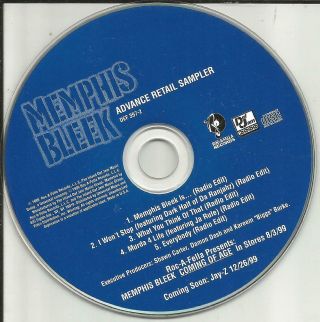 Memphis Bleek W/ Ja Rule 5trk Sampler W/ Rare Radio Edits Promo Cd 1999 Usa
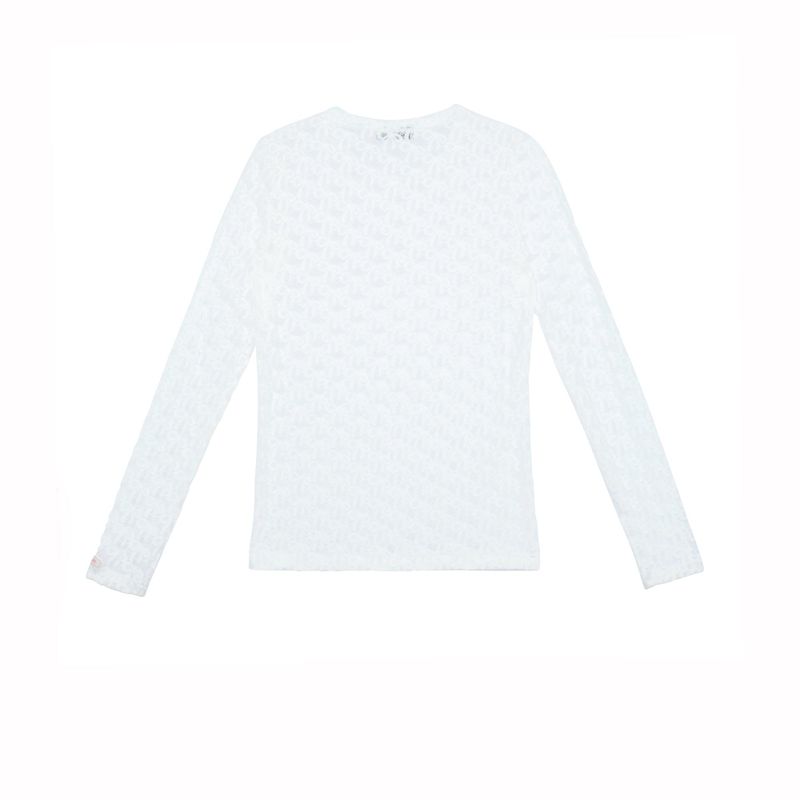 Ribon Lace T/Shirts White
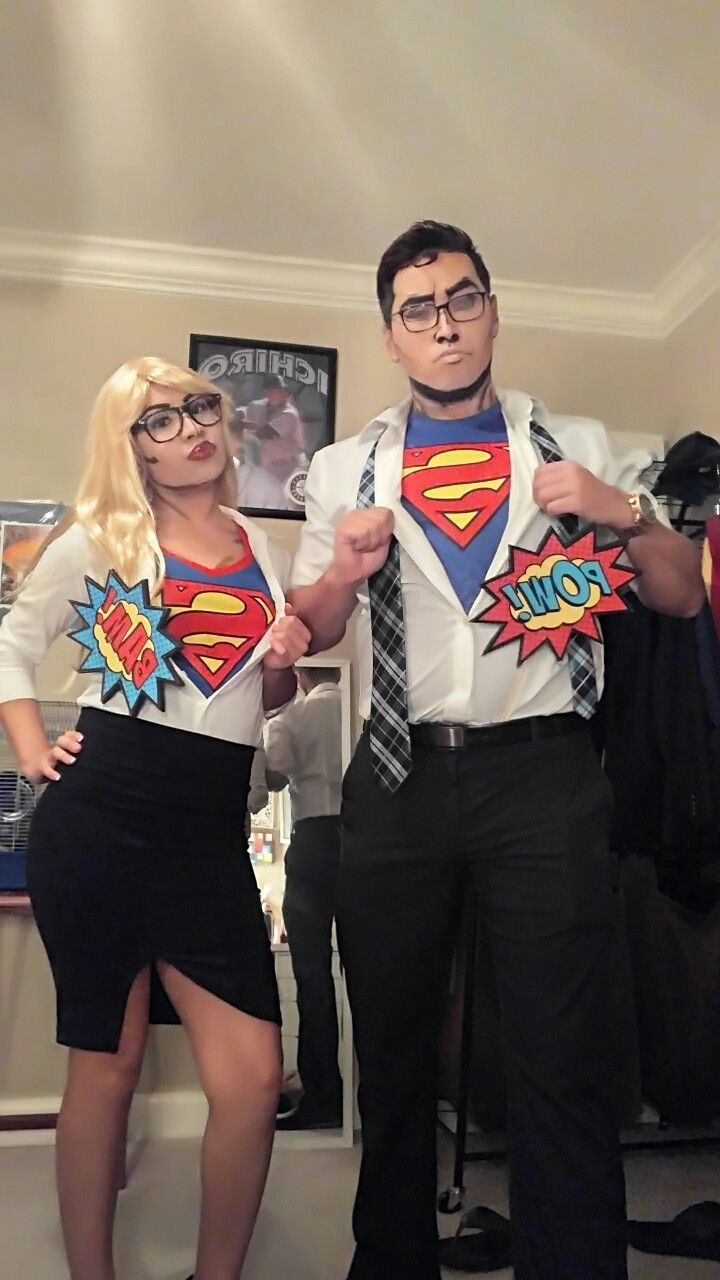 Supergirl Costume DIY
 Couples costume DIY ic pop art superman supergirl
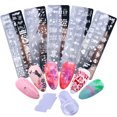thumbnail image 1 of 5PCS Nail Art Plate Stainless Steel Nail Stamping Plate with Stamper & Scraper, 1 of 9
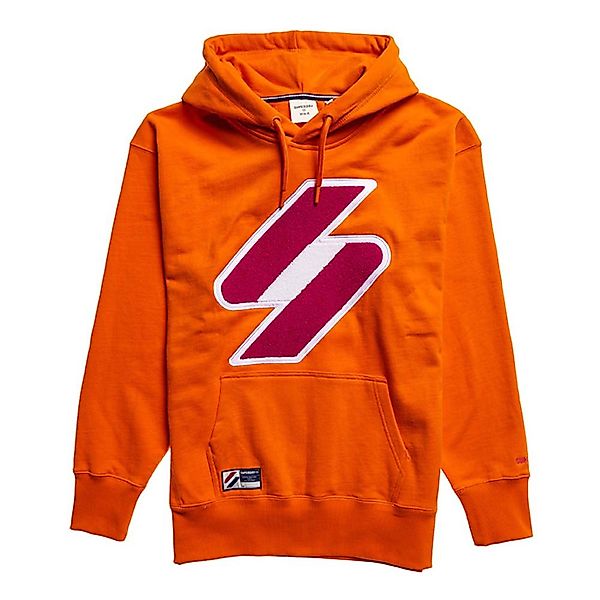 Superdry Code Logo Che Oversized Kapuzenpullover XS-S Denver Orange günstig online kaufen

#### [Task brief]
Return the lines above exactly; the images are not part of the copy.

#### [Solution for this problem]
 Memphis Bleek W/ Ja Rule 5trk Sampler W/ Rare Radio Edits Promo Cd 1999 Usa
 Ribon Lace T/Shirts White
 Supergirl Costume DIY
 Couples costume DIY ic pop art superman supergirl
thumbnail image 1 of 5PCS Nail Art Plate Stainless Steel Nail Stamping Plate with Stamper & Scraper, 1 of 9
 Superdry Code Logo Che Oversized Kapuzenpullover XS-S Denver Orange günstig online kaufen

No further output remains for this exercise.